Gratitude Pearls

“When I’m cold I just put another rope of pearls on.” – Dorothy Parker, writer, critic, and satirist

Realistically, what we need most when we shiver from any coldness of life, or just-tired-of-negative-news malaise, is gratitude. This week encompasses our nation’s traditional day of giving thanks for the good news of life. The goodness is that we are HERE! Give a shout-out to your ancestors who undoubtedly experienced much literal and figurative coldness in their lives but they persevered. Perhaps they wore pearls. Hopefully, they expressed gratitude. Often.

Reviewing life events and finding thanksgiving moments is meaningful in a myriad of ways. Producer and composer Barry Goldstein wrote a song entitled “The Moment” which expresses gratitude simply for being alive and “not wasting” another second of life. What we “waste” often are moments when we might express our gratitude to others. Gratitude for others’ contributions to our lives affirms our belongingness and interdependence. If our DNA is anywhere close to 99.9% the same as the next guy or gal, how can we fail to care about each other?

As gratitude researcher and psychologist Robert Emmons points out, gratitude implies humility, a realization that we might not be who we are or where we have landed in life without the contributions of others.
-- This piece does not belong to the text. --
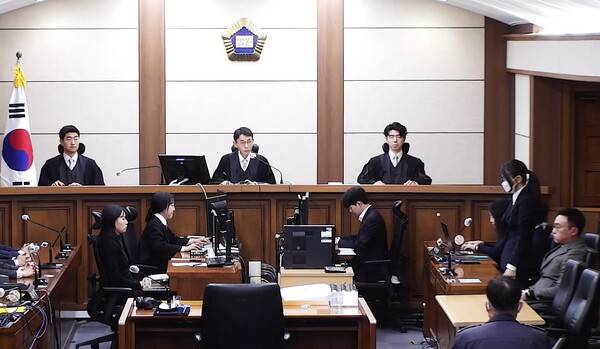 28일 서울중앙지방법원에서 열린 1심 선고공판에서 김건희에게 판결을 내리고 있는 서울중앙지법 형사합의27부 우인성 부장판사). 서울중앙지법 연합뉴스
One pearl does not make up a string of pearls. A solitary pearl is lovely, but there is something precious about pearls that hang together.

Interdependence, a stringing together of caring for each other’s needs, is especially key at the beginning and ending of life. We are grateful for the birth of a beloved baby and we are grateful for having known a beloved one when they die. Gratitude is felt keenly; it is not unusual to have tears accompany gratitude moments. The part of your personality that may keep you from feeling gratitude is a complainer or critic. When you are busy with a downer-mentality, it is difficult to let your gratitude meter flow freely.

This week tap into the resilience of gratitude moments. The power in gratitude takes you closer to having self-compassion as well as having compassion for others. Yes, there is much suffering, cold rhetoric, and violence in our world. I am not suggesting that you forget that. I am suggesting that you hold onto a sense of gratitude while you address the chilly issues in life that cause suffering. Gratitude is a healer. It will warm up what needs warming up.

Whether you attend Thanksgiving with family or enjoy a Friendsgiving, tell at least one other person something you are grateful for in them. 

Pearls of Peace (PoP) Quiz:

32. What is the first thought that comes to mind when you think of gratitude?

33. What are you most grateful for from your childhood?

By Janis Johnston

Janis Clark Johnston, Ed.D., has a doctorate in counseling psychology from Boston University. She has worked with children, families, and groups (ages 3-83) with presenting issues of anxiety, depression, trauma, loss, and relationship concerns. She initially worked as a school psychologist in public schools and was awarded School Psychology Practitioner of the Year for Region 1 in Illinois for her innovative work. She was a supervising psychologist at a mental health center, an employee-assistance therapist and a trainer for agencies prior to having a family therapy private practice. Recipient of the 2011 Founder’s Award for her dedication to the parenting education of Parenthesis Family Center (now called New Moms), and the 2002 Community Spirit Award from Sarah’s Inn, a domestic violence shelter and education center, Johnston is an active participant in numerous volunteer activities supporting children and families in her community. A frequent presenter at national psychology and educational conferences, Johnston has published journal articles, book chapters, and two books -- It Takes a Child to Raise a Parent: Stories of Evolving Child and Parent Development (2013, hardback; 2019, paperback) and Midlife Maze: A Map to Recovery and Rediscovery after Loss (2017, hardback; 2019, paperback). In addition to augmenting and supporting personal growth in families, Johnston is a Master Gardener and loves nurturing growth in the plants in her yard.


  1. Thank you for the words on gratitude. Such a good reminder any time, but especially this week. I am grateful for your pearls.


    1. I am grateful for so many people, but this morning I want to express gratitude for ALL subscribers to Pearls of Peace. Your feedback, both on the blog and sent to me privately, is much appreciated!


  2. The song arises: “What the world needs now is love, sweet love. That’s the only thing that there’s just too little of”
    Thanks for your beautiful reminder of the need to appreciate each other.